▶ _What to produce_
Pull each line with the string "https" from the entries.

▶ _Supplied records_
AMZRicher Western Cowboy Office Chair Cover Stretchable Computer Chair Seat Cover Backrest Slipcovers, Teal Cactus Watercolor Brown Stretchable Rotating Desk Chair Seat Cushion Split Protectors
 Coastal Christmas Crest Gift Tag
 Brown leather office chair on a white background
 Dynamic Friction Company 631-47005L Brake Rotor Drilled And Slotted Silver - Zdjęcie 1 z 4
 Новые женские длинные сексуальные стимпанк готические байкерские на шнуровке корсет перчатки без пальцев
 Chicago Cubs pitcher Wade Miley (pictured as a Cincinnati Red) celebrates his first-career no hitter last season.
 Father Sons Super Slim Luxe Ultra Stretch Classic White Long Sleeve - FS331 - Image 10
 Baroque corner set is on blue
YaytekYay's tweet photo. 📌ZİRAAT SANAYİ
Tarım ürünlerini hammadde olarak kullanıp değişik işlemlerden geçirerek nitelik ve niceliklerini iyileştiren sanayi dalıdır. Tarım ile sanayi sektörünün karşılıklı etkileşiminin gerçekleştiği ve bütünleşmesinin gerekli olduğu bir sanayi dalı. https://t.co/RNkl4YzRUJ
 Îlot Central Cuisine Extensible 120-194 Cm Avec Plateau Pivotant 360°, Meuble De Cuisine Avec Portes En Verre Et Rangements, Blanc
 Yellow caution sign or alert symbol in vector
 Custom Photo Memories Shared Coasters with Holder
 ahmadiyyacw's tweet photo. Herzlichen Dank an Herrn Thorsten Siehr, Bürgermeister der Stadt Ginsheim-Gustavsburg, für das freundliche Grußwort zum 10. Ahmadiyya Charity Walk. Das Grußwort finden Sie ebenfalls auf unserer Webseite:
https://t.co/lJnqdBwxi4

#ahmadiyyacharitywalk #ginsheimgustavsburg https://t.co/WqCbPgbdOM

▶ _Solved problem_
Tarım ürünlerini hammadde olarak kullanıp değişik işlemlerden geçirerek nitelik ve niceliklerini iyileştiren sanayi dalıdır. Tarım ile sanayi sektörünün karşılıklı etkileşiminin gerçekleştiği ve bütünleşmesinin gerekli olduğu bir sanayi dalı. https://t.co/RNkl4YzRUJ
https://t.co/lJnqdBwxi4
#ahmadiyyacharitywalk #ginsheimgustavsburg https://t.co/WqCbPgbdOM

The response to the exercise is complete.